So far in this series, we’ve explored self-love and parental love, and how different kinds of parental love shape a child’s ability to love themselves—both as they are today and as they hope to be tomorrow. Now, let’s talk about love for others—the kind that’s often tangled up with dependence, fear, and unmet emotional needs.
Many relationships aren’t built on love alone but on reliance, safety, or comfort—things that can mimic love but ultimately distort it. Let’s break these down:
If your happiness depends entirely on another person, that’s not love—it’s attachment. Real love requires freedom—the ability to be whole on your own while choosing to be together. If you can’t be without someone, you’re not loving them; you’re clinging to them.
If you don’t feel safe within yourself, you might seek security in another person. But when love is just a refuge from fear, it becomes fragile. People who grew up in unstable homes often crave safety so badly that they tolerate abuse—emotional, financial, even infidelity—just to keep it. That’s not love. It’s survival.

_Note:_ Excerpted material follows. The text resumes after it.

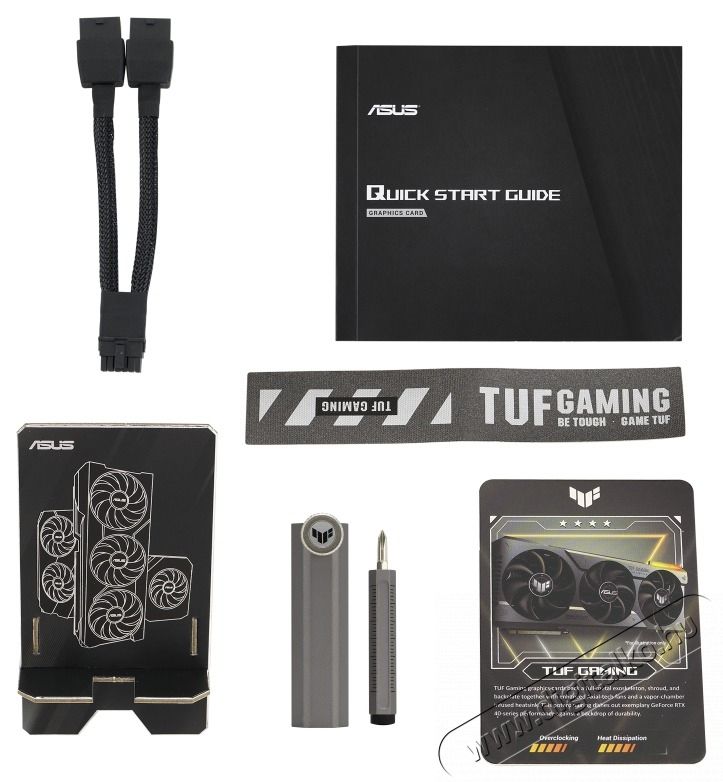 Asus TUF-RTX4070TI-O12G-GAMING nVidia 12GB GDDR6X 192bit PCIe vide&oacute;k&aacute;rtya Iroda &eacute;s sz&aacute;m&iacute;t&aacute;stechnika - Egy&eacute;b sz&aacute;m&iacute;t&aacute;stechnikai term&eacute;k - 412173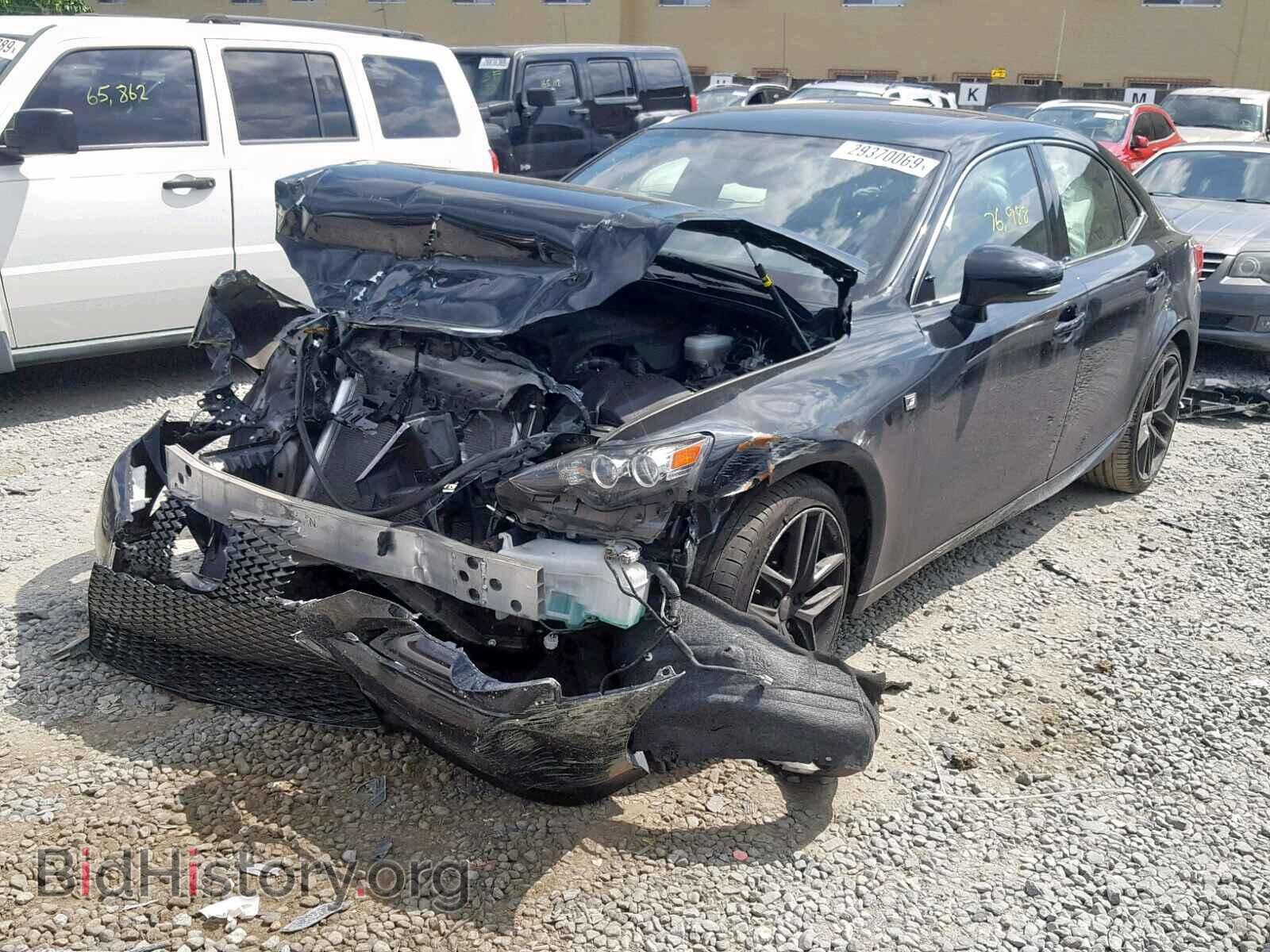 2015 LEXUS IS 250 - VIN: JTHBF1D28F5057856 - Фото 2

Some people never got the warmth they needed as children, so they seek it in romantic partners—someone to "mother" or "father" them. These relationships often become imbalanced: one person stays childlike, avoiding responsibility, while the other plays caretaker. Neither truly loves the real person—just the role they fill.
A healthy relationship happens when both people already love themselves. They don’t need each other to feel whole—they choose each other because they genuinely enjoy who the other person is.
- They love the real person, not just the idea of them.
- They trust deeply but also feel secure enough to disagree. (A relationship without arguments isn’t peaceful—it’s fragile.)
- They don’t fear losing each other because their love isn’t rooted in need—it’s rooted in mutual respect and admiration.
Love isn’t about filling voids. It’s about two complete people walking side by side—not because they have to, but because they want to.